__Required action__.
In the records below, find the line containing "We're back with" and the line containing "Hydrodissection is done.". Give again exactly those lines and every line between them, omitting the pictures.

__Supplied material__.
>>>>>

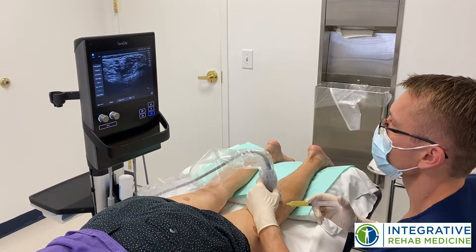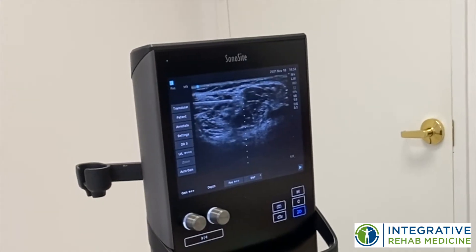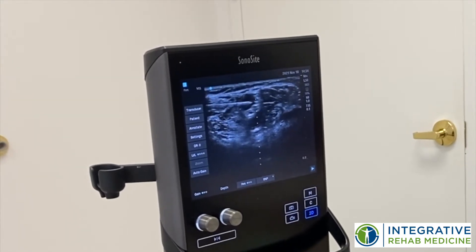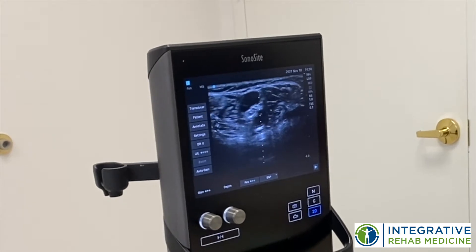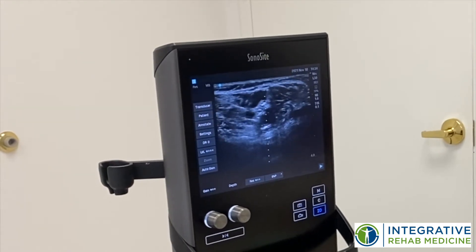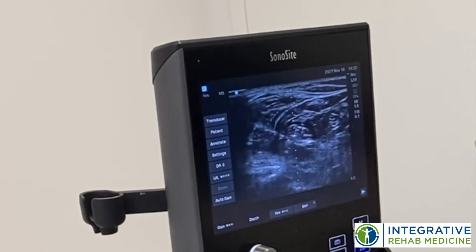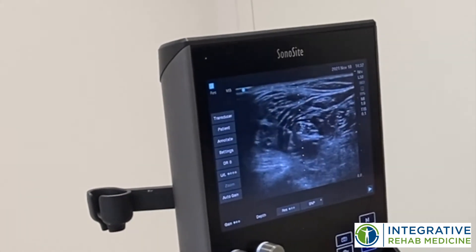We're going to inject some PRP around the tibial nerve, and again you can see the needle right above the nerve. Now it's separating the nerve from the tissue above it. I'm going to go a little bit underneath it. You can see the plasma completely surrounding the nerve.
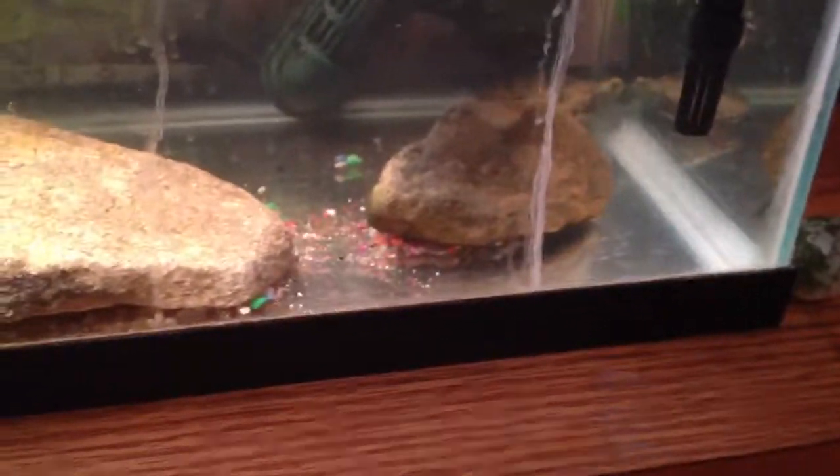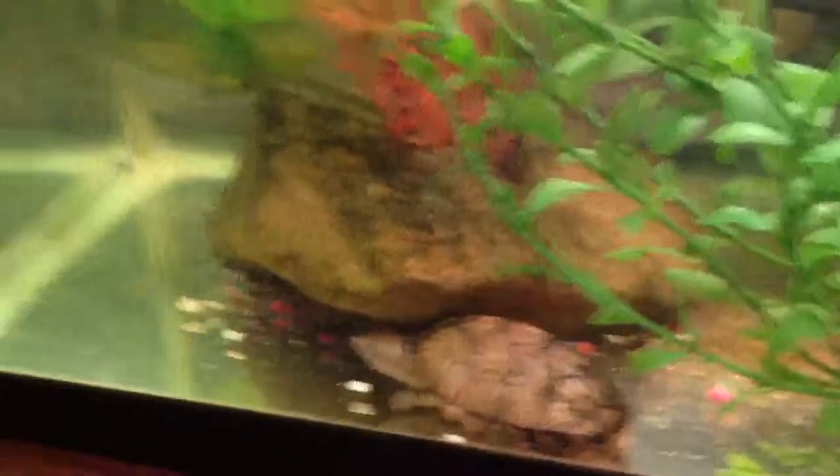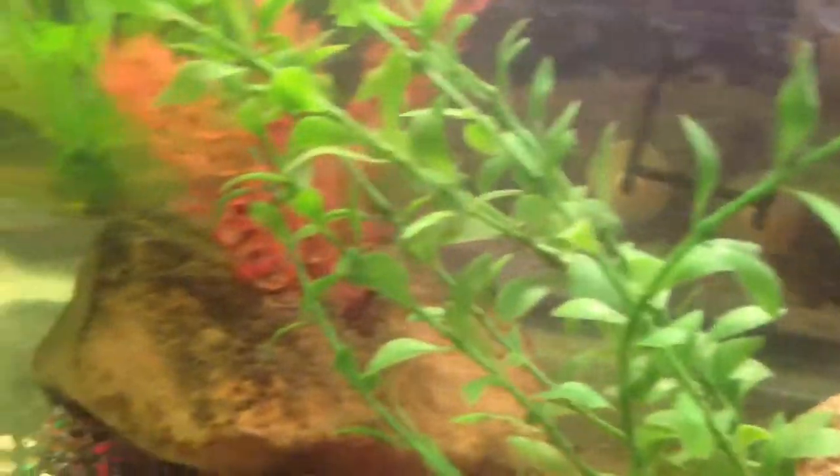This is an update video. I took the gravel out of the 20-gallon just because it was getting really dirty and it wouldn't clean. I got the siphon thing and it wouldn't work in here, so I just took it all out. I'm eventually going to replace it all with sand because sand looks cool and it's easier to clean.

<<<<<
>>>>>

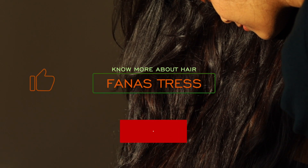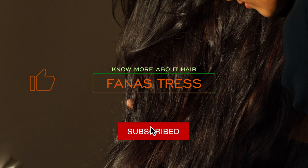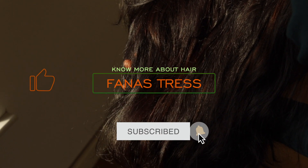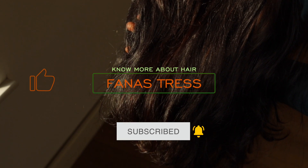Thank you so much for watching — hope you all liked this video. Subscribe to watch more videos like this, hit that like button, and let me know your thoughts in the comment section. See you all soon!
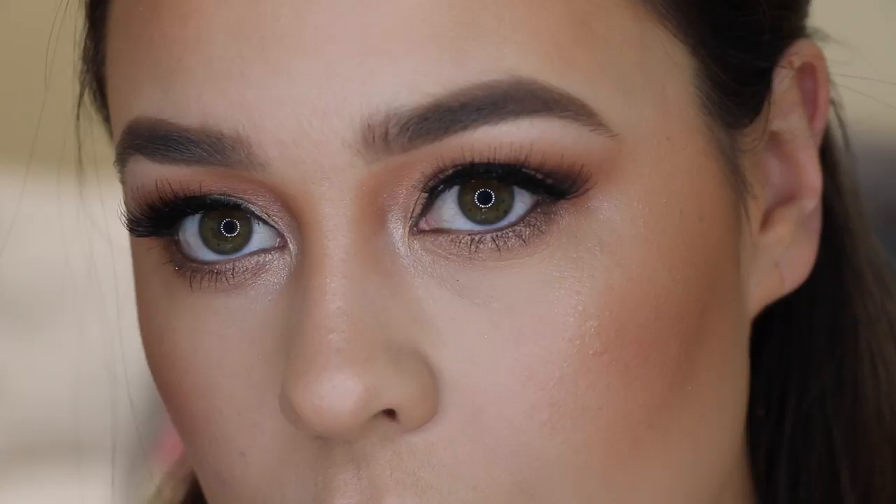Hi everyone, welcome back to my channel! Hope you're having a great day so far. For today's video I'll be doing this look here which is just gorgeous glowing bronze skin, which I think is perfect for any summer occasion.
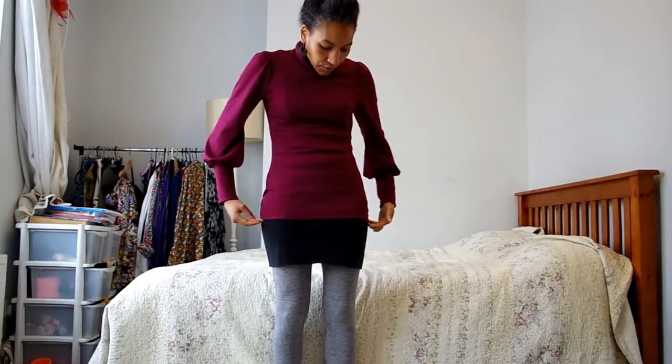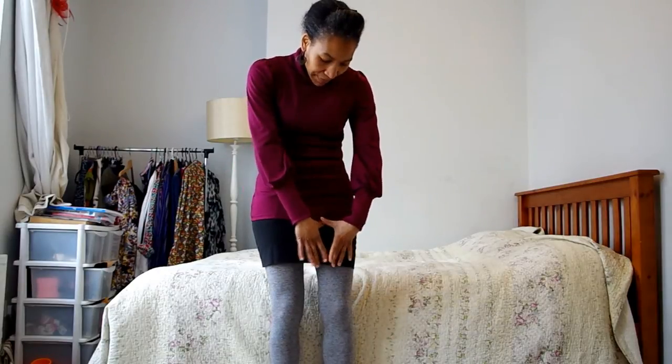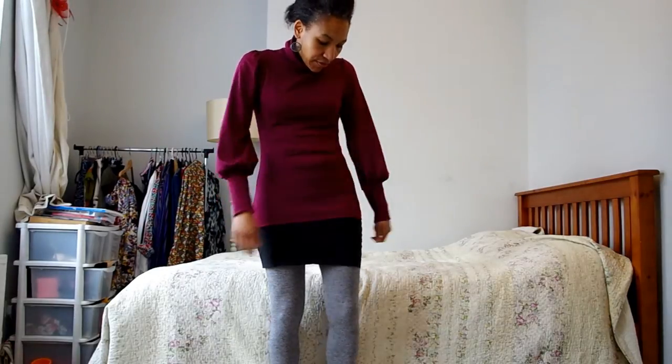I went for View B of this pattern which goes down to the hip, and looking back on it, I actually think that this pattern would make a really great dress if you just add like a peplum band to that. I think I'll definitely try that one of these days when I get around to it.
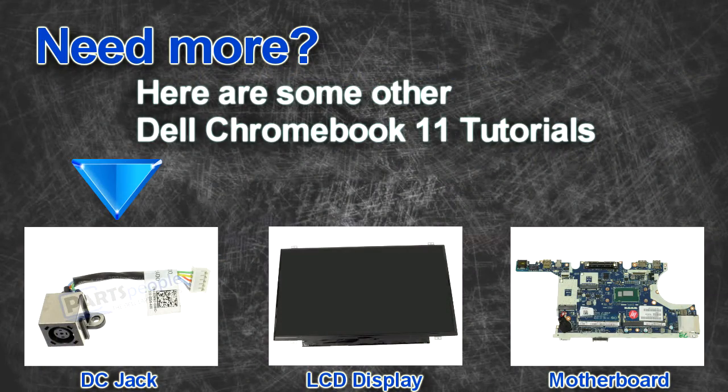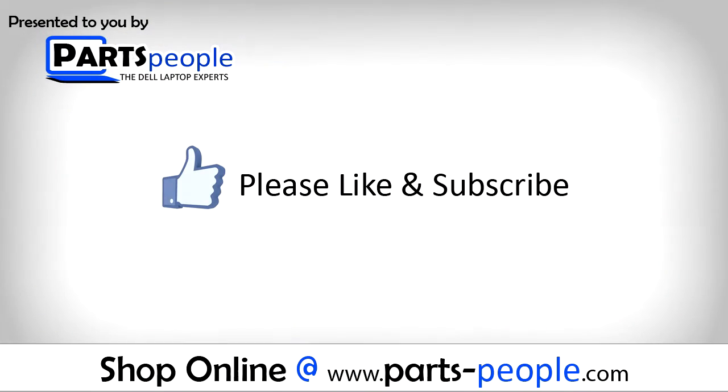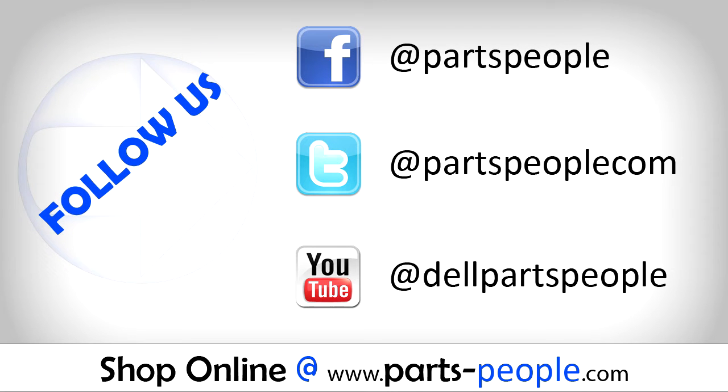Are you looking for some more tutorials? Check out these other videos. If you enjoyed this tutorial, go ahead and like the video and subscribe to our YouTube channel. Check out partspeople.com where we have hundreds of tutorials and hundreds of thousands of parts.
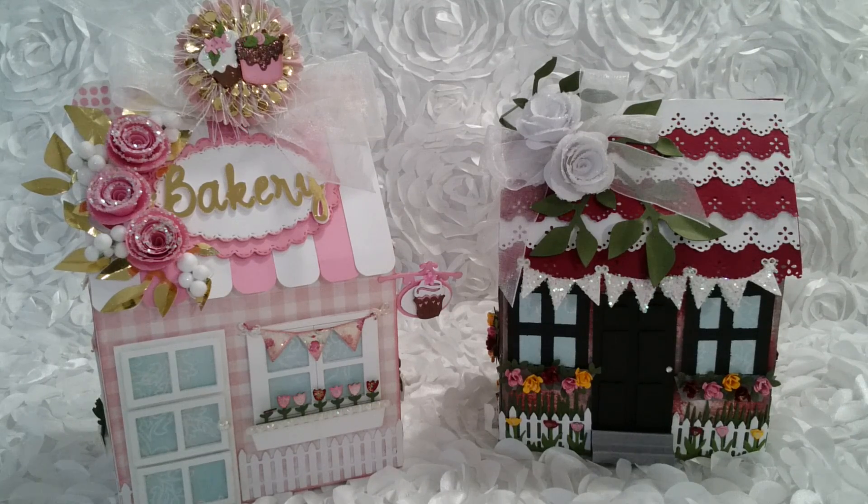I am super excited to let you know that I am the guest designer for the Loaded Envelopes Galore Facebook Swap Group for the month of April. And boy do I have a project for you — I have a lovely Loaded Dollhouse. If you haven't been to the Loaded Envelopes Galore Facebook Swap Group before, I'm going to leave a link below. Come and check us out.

<<<<<
>>>>>

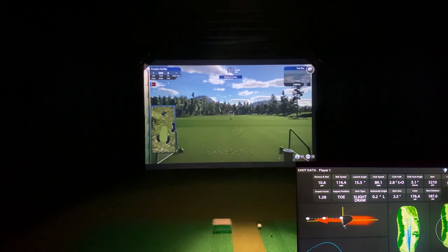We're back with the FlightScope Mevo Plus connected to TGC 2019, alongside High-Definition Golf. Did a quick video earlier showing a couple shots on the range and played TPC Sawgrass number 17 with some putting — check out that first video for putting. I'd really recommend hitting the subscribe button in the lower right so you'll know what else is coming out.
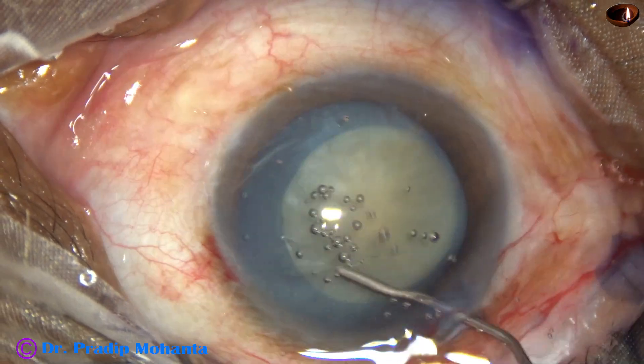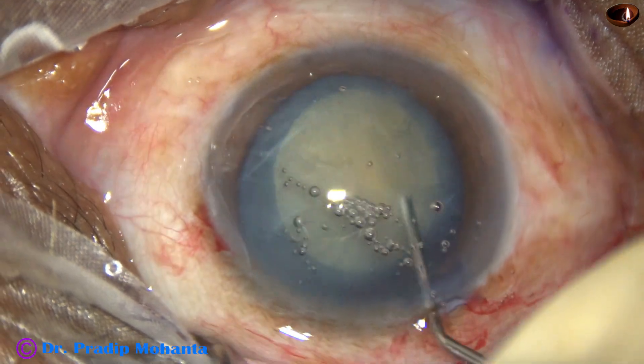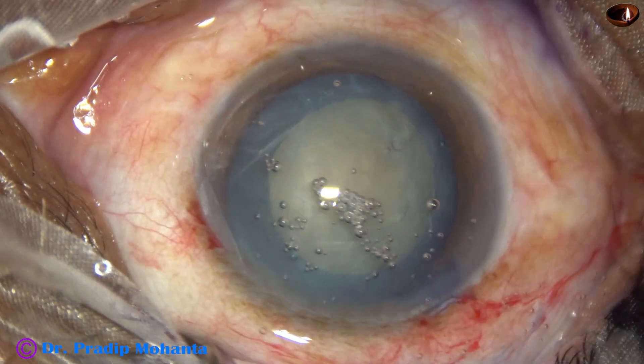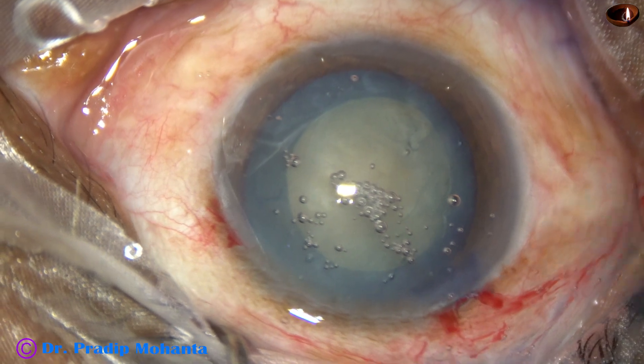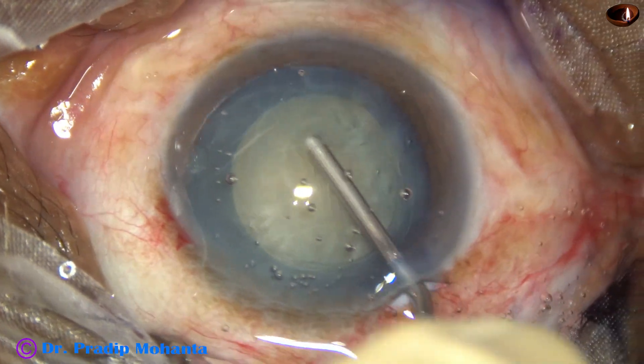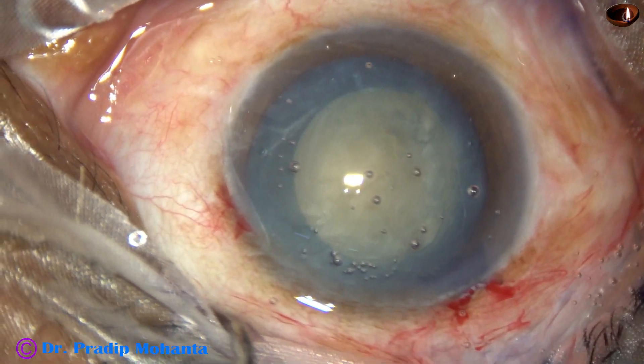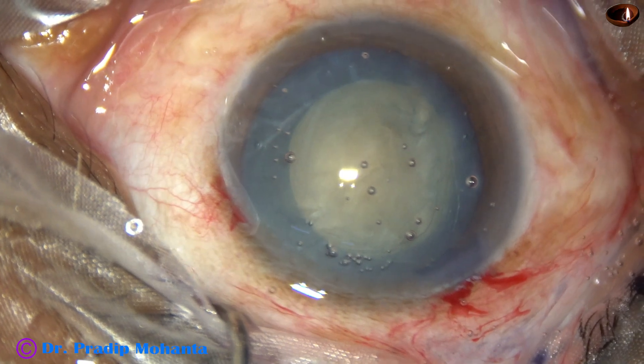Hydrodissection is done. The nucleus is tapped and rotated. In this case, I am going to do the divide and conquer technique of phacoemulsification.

<<<<<

__Solution to this exercise__.
We're back with the FlightScope Mevo Plus connected to TGC 2019, alongside High-Definition Golf. Did a quick video earlier showing a couple shots on the range and played TPC Sawgrass number 17 with some putting — check out that first video for putting. I'd really recommend hitting the subscribe button in the lower right so you'll know what else is coming out.
Hydrodissection is done. The nucleus is tapped and rotated. In this case, I am going to do the divide and conquer technique of phacoemulsification.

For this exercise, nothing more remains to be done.